Chiang Pei-Jhang, Tsao Chih-Wei, Jhuo Yu-Cing, Chu Ta-Wei, Pei Dee, Kuo Shi-Wen
Division of Urology, Department of Surgery, Tri-Service General Hospital, National Defense Medical University, Taipei 114202, Taiwan.
In-Service Master Program in Artificial Intelligence in Medicine, College of Medicine, Taipei Medical University, Taipei 110301, Taiwan.
Biomedicines. 2025 Jul 24;13(8):1816. doi: 10.3390/biomedicines13081816.

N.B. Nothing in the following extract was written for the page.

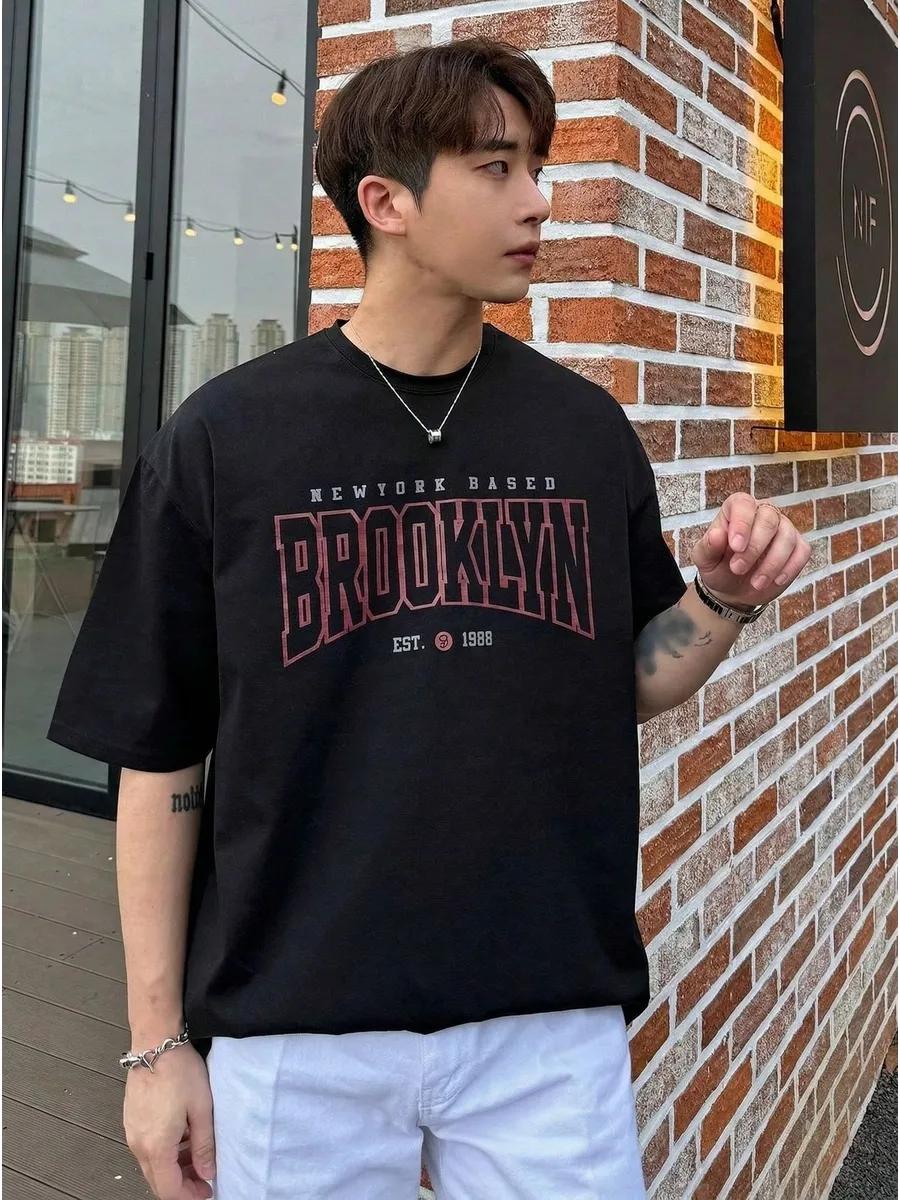 Oversized T-shirt with Brooklyn print 4XL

: Homocysteine (Hcy) is a sulfur-containing amino acid crucial for various physiological processes, with elevated levels linked to cardiovascular and neurological adverse conditions. Various factors contribute to high Hcy, and past studies of impact factors relied on traditional statistical methods. Recently, machine learning (ML) techniques have greatly improved and are now widely applied in medical research. This study used four ML methods to identify key factors influencing Hcy in healthy elderly Taiwanese men, comparing their accuracy using multiple linear regression (MLR). The study seeks to improve Hcy prediction accuracy and provide insights into relevant impact factors. : A total of 468 healthy elderly men were studied in terms of 33 parameters using four ML methods: random forest (RF), stochastic gradient boosting (SGB), eXtreme gradient boosting (XGBoost), and elastic net (EN). MLR served as a benchmark. Model performance was assessed using SMAPE, RAE, RRSE, and RMSE. : All ML methods demonstrated lower prediction errors than MLR, indicating higher accuracy. By averaging the importance scores from the four ML models, C-reactive protein (CRP) emerged as the leading impact factor for Hcy, followed by GPT, WBC, LDH, eGFR, and sport volume (SV). : Machine learning methods outperformed MLR in predicting Hcy levels in healthy elderly Taiwanese men. CRP was identified as the most crucial factor, followed by GPT/ALT, WBC, LDH, and eGFR.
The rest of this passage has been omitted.